> _PROBLEM TO SOLVE_
Quote the listing in full, exactly as given, minus any pictures.

::::::

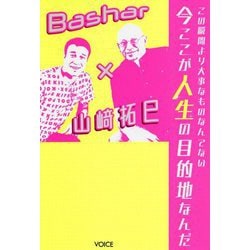 この瞬間より大事なものなんてない 今ここが人生の目的地なんだ―Bashar×山〓拓巳 [単行本]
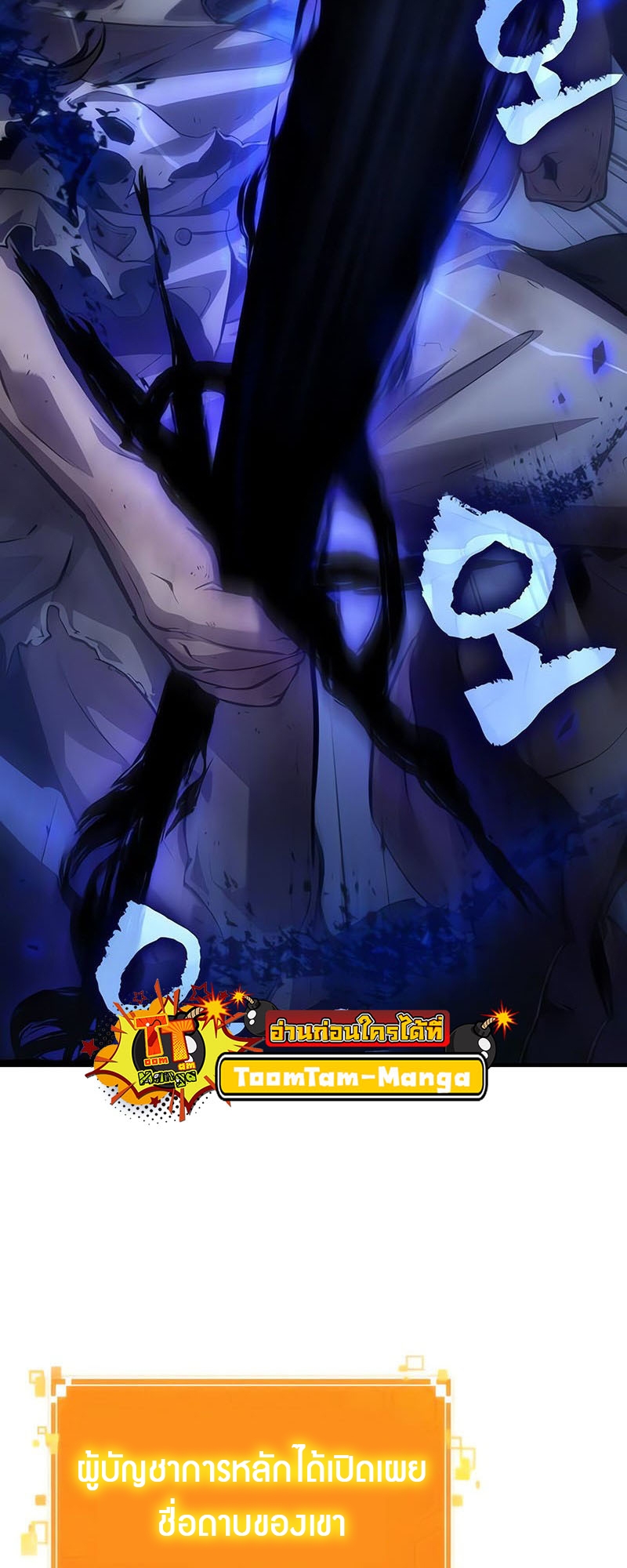 The World After the end โลกหลังการล่มสลาย ตอนที่ 156 page 89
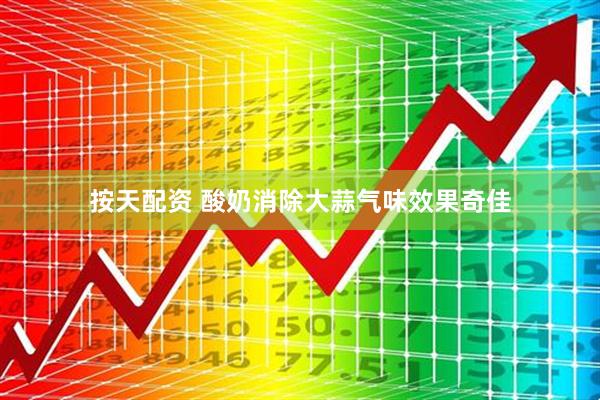 按天配资 酸奶消除大蒜气味效果奇佳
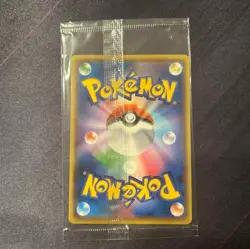 PREORDER Pokemon x Yu Nagaba Pikachu Promo Card Sealed 208/S-P - Image 2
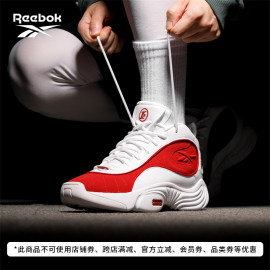 元年复刻reebok锐步23冬季男女，answeriii艾弗森篮球鞋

::::::

> _ANSWER FOR THIS EXERCISE_
 この瞬間より大事なものなんてない 今ここが人生の目的地なんだ―Bashar×山〓拓巳 [単行本]
 The World After the end โลกหลังการล่มสลาย ตอนที่ 156 page 89
 按天配资 酸奶消除大蒜气味效果奇佳
 PREORDER Pokemon x Yu Nagaba Pikachu Promo Card Sealed 208/S-P - Image 2
 元年复刻reebok锐步23冬季男女，answeriii艾弗森篮球鞋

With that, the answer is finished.